On April 1, 2015, the United States Securities and Exchange Commission brought its first enforcement action against a company for using a form employee confidentiality agreement that was interpreted as possibly limiting an employee’s ability to bring a whistleblower complaint. In its administrative action against KBR, Inc., the SEC claimed that language in the company’s confidentiality agreement “undermines the purpose of Section 21F [of the Dodd-Frank Act]… which is to ‘encourag[e] individuals to report to the Commission.’” This enforcement action fulfills a promise made by SEC Whistleblower Office Director Sean McKessy in October 2014, when he stated, “We are going to bring a case where somebody has asked an employee or forced an employee to sign a document that in order of substance means they can’t report to us.”

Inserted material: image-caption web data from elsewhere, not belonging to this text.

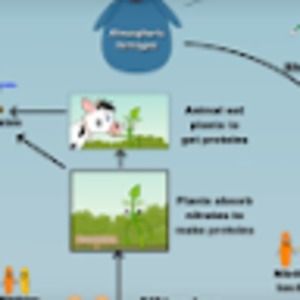 Meet your Posher, Angelina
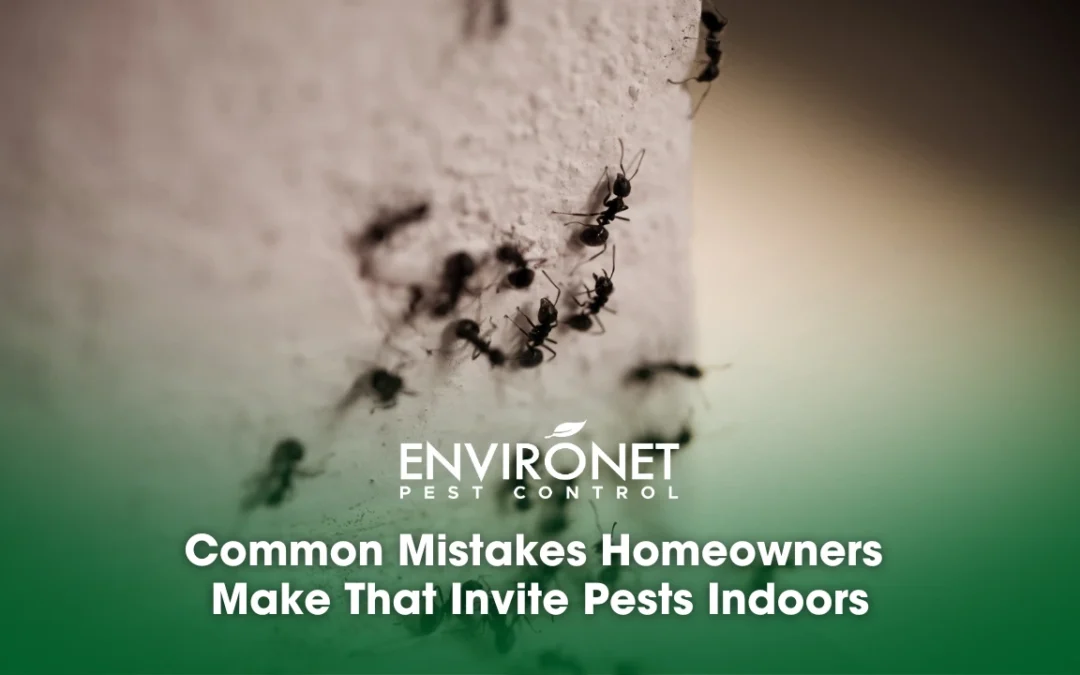 Common Mistakes Homeowners Make That Invite Pests Indoors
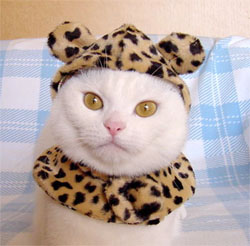 leopardcat.jpg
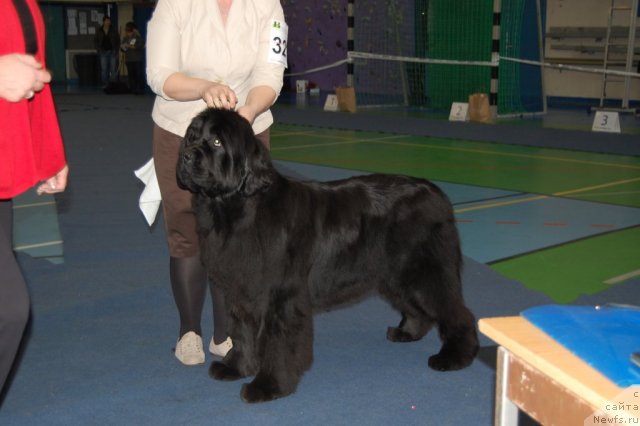 Фотография № 87411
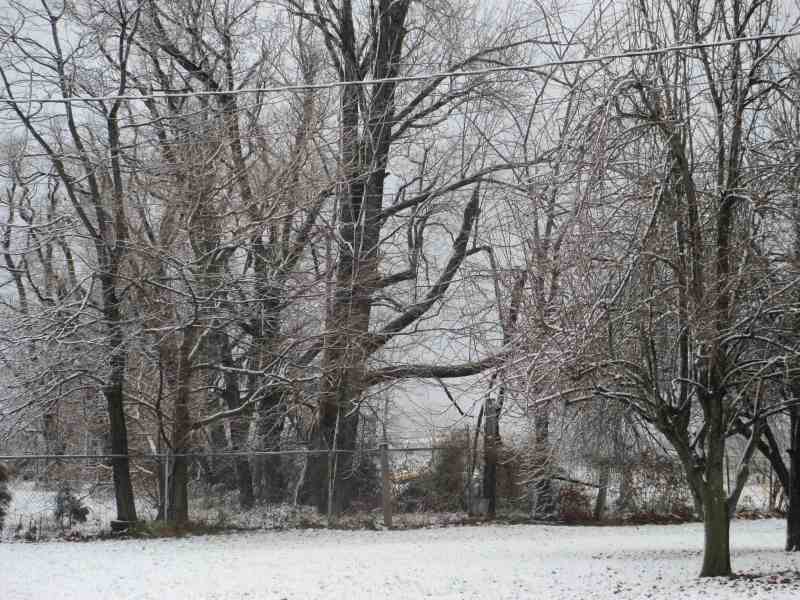 Snowy Morning Dec. 2012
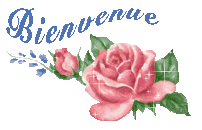bienvenue-rose.gif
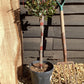 Photinia Little Red Robin | Christmas berry 'Little Red Robin' - 1/4 Std Clear Stem - 100-110cm, 9lt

KBR, Inc. used its form confidentiality statement during its internal investigations, when investigators would, as a matter of course, request that each employee-witness sign the confidentiality form at the start of an interview. The form confidentiality language stated in part: “I am prohibited from discussing any particulars regarding this interview and the subject matter discussed during the interview, without the prior authorization of the Law Department” (emphasis added). Notably, the SEC recognized in its enforcement action that it was unaware of any instances in which a KBR employee was actually prevented from communicating with the SEC about a possible securities law violation. Moreover, the SEC readily conceded that it was not aware of any instances in which KBR took any action to enforce the form confidentiality statement or otherwise prevent an employee from communicating with the SEC. Rather, the SEC took the position that it need not demonstrate that KBR actually inhibited, or attempted to inhibit, a particular whistleblower complaint, because the language requiring internal company approval conflicted with Dodd-Frank’s expansive whistleblower protections.
As part of its agreement to resolve the enforcement action, KBR agreed to several remedies, including amending its form confidentiality statement with clarifying language noting that the statement (1) does not prohibit the employee from reporting possible violations of law or regulation to government agencies or law enforcement, and (2) that is it not necessary for the employee to receive permission or give notice to the company before making a whistleblower report or disclosure. This recent action signals the SEC’s aggressive approach to enforcing Dodd-Frank’s whistleblower protections. In this case, KBR was not alleged to have taken specific action to interfere with any specific whistleblower; instead, the SEC based its action on the potential chilling effect of the language in the company’s confidentiality form alone. For that reason, this case demonstrates that companies must take great care in drafting and reviewing form confidentiality agreements in the context of the SEC’s expansive and aggressive approach to safeguarding Dodd-Frank’s whistleblower protections.